今回はそのおまけです。VSCodeのデバッグの話を見たい方はその4をご覧ください。
デバッグ対象は何でも良いと書きました。その例として、別のソフトウェア、別のボードを使うパターン(Akaria BSP + NS31 on Arty 7)を紹介します。
FPGAへの書き込み方は以前の日記(2023年4月24日の日記参照)でご紹介しました。そちらをご覧ください。
ツールチェーンのインストールをします。ディレクトリはどこでも良いですが、ここでは~/workで作業しているものとします。
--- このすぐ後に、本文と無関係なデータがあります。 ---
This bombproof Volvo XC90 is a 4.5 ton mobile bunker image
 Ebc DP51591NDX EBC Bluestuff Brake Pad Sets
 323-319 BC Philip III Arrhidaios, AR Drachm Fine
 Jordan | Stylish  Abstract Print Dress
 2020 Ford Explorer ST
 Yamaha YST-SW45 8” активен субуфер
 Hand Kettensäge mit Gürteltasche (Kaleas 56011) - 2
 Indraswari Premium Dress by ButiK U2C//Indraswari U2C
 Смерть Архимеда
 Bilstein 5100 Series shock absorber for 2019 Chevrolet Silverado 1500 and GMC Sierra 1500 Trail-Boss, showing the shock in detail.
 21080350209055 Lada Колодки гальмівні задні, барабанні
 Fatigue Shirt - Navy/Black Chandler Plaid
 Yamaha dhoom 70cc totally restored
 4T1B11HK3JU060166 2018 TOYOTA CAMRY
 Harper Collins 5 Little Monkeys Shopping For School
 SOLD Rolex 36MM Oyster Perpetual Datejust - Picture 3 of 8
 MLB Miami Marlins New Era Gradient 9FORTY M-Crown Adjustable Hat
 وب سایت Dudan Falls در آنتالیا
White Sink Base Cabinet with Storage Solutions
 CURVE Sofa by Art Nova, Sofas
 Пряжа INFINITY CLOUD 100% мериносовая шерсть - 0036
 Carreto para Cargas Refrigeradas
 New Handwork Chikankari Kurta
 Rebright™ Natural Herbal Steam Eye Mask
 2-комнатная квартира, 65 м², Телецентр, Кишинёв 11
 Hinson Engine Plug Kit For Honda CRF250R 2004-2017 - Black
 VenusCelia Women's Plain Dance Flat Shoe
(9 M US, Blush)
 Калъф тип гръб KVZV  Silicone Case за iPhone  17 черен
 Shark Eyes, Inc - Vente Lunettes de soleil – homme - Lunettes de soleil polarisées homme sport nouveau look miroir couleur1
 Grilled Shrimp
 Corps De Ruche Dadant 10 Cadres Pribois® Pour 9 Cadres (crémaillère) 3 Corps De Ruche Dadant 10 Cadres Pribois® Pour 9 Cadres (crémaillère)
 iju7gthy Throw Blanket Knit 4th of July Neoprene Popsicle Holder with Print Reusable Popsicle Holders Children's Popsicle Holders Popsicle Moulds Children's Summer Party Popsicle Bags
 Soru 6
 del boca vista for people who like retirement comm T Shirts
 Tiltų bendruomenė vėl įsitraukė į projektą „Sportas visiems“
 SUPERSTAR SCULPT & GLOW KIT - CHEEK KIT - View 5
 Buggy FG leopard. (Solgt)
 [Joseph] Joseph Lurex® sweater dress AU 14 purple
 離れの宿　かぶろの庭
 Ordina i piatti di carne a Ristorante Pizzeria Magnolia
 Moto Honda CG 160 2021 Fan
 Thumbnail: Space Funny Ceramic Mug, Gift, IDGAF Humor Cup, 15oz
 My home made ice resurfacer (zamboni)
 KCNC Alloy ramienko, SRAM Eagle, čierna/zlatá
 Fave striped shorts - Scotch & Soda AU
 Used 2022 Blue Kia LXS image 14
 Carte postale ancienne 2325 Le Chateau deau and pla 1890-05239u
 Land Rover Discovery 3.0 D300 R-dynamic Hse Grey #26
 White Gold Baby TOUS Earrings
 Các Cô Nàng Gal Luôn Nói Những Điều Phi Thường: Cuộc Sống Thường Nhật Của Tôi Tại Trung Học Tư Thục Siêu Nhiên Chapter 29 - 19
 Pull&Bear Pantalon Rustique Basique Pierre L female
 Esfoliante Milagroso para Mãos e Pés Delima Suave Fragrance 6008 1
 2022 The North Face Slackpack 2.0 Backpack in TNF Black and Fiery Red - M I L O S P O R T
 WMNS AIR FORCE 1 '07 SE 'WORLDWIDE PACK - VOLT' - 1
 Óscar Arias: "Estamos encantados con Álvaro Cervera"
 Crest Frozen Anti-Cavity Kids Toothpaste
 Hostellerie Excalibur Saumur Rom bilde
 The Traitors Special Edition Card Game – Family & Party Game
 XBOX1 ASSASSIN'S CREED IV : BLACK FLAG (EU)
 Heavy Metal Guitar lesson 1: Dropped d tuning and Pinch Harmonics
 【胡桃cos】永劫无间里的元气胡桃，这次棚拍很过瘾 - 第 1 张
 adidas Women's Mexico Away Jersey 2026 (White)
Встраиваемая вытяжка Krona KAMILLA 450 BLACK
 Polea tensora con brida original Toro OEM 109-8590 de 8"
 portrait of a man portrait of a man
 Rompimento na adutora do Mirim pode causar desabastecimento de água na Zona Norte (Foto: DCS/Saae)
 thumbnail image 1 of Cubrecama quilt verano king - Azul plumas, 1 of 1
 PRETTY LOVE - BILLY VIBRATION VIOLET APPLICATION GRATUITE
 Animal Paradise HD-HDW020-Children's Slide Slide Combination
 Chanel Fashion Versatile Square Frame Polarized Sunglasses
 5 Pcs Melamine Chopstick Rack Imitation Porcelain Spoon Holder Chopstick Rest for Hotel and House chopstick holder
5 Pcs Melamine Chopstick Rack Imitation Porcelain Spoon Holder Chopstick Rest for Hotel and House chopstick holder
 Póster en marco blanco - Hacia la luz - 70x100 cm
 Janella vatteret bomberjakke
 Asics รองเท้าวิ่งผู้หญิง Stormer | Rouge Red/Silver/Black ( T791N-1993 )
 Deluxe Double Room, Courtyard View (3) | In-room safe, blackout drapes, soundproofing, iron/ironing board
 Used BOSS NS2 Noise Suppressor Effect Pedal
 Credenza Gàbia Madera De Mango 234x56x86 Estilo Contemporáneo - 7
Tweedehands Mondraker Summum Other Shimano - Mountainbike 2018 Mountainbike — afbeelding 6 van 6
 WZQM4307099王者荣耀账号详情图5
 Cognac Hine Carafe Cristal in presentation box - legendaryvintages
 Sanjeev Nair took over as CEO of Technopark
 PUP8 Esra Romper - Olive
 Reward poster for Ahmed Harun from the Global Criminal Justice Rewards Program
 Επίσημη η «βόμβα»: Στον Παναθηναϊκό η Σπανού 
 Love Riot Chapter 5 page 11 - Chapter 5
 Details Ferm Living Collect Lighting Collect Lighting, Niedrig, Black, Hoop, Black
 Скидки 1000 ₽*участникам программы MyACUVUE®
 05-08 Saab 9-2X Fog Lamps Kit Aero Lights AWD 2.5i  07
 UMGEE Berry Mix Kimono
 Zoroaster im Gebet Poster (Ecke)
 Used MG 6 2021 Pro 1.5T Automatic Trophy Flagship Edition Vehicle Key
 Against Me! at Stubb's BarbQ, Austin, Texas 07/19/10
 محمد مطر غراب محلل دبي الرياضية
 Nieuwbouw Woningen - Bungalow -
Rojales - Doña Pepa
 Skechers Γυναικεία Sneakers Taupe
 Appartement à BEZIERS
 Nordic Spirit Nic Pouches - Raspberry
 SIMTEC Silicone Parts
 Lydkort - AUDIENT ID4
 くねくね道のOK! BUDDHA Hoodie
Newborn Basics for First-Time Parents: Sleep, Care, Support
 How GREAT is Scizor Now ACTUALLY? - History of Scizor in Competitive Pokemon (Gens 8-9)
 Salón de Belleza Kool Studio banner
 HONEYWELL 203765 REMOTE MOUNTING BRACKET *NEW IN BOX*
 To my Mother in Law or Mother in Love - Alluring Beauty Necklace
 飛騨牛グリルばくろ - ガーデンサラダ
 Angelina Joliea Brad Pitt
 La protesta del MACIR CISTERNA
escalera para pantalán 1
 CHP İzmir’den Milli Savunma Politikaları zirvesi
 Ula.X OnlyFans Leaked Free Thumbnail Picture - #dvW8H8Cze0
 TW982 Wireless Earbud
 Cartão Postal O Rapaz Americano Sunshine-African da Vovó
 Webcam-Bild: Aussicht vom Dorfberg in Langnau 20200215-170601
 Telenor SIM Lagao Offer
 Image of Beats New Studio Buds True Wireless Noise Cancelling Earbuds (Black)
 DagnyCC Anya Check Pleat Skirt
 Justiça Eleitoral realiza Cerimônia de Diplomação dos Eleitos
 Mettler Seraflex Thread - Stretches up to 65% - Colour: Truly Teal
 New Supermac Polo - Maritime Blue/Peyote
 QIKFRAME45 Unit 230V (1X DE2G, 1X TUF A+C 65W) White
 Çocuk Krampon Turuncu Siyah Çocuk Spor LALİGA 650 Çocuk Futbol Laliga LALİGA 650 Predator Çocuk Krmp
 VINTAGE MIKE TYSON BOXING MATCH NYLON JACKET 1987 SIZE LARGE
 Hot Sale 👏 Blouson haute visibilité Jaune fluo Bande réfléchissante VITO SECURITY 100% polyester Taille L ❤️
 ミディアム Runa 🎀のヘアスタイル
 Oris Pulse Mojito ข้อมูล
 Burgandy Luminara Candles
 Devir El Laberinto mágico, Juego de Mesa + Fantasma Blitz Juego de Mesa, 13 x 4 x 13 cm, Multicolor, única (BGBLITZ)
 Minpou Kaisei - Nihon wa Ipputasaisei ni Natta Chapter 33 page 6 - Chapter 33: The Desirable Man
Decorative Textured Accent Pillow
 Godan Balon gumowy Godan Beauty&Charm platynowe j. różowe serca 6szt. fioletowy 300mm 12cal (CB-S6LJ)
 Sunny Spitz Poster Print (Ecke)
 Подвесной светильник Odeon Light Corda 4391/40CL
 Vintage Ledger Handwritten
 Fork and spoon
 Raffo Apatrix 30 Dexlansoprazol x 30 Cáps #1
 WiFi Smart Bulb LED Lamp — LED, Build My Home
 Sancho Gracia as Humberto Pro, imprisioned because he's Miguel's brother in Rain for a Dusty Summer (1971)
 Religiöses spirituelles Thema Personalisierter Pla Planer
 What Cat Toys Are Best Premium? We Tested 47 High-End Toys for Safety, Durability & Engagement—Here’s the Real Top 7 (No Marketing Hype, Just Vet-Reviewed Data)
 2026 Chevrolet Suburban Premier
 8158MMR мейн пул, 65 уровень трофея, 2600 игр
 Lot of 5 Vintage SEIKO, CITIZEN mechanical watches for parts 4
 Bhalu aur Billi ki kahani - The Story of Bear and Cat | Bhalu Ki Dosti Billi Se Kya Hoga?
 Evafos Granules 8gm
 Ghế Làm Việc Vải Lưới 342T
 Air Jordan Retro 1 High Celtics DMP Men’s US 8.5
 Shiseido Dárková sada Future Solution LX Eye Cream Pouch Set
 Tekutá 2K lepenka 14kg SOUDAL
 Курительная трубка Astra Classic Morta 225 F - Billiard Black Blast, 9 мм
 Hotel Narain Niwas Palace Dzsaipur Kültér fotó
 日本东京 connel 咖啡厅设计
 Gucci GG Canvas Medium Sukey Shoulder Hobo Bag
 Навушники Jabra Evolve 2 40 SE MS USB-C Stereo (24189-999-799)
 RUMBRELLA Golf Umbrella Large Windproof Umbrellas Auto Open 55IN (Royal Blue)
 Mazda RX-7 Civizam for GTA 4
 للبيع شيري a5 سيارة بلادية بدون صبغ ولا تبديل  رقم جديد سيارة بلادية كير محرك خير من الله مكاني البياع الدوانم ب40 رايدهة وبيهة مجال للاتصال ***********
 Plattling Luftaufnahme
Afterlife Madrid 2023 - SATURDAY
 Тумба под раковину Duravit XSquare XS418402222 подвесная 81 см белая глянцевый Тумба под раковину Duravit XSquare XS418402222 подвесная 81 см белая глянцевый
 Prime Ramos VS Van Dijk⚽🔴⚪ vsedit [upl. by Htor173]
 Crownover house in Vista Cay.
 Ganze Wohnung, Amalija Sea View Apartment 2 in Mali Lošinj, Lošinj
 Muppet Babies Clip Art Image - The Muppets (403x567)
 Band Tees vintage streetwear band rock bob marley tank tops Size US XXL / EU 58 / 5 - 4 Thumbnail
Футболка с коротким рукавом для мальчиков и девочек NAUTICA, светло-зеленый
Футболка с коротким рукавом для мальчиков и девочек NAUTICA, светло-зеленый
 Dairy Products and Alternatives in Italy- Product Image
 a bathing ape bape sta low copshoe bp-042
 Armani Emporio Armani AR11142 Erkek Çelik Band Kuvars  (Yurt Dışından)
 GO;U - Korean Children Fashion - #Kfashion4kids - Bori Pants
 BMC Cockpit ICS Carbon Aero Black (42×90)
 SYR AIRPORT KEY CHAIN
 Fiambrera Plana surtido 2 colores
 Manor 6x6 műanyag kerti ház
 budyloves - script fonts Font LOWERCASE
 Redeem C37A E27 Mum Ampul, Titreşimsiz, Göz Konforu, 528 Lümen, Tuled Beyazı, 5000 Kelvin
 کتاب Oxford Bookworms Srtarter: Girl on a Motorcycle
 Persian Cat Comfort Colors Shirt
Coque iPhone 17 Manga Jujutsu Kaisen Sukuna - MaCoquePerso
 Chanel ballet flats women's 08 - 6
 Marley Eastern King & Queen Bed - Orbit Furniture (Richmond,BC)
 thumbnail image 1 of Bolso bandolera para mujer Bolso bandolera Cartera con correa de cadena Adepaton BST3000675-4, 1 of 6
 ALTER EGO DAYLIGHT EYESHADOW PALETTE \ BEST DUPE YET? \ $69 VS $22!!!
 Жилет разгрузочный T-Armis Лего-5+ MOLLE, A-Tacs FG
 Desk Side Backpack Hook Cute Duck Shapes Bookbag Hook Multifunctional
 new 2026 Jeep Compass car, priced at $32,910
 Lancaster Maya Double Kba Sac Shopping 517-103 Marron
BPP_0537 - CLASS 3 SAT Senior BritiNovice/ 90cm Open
$ cd ~/work $ wget https://github.com/nsitexe/akaria-riscv-toolchain/releases/download/nsitexe-20231117/riscv64-unknown-elf_ubuntu22.tar.gz $ tar xf riscv64-unknown-elf_ubuntu22.tar.gz $ export PATH=~/work/riscv64-unknown-elf/bin:$PATH $ riscv64-unknown-elf-gdb --version GNU gdb (GDB) 13.0.50.20220805-git Copyright (C) 2022 Free Software Foundation, Inc. License GPLv3+: GNU GPL version 3 or later <http://gnu.org/licenses/gpl.html> This is free software: you are free to change and redistribute it. There is NO WARRANTY, to the extent permitted by law.
次にAkaria BSPのビルドをします。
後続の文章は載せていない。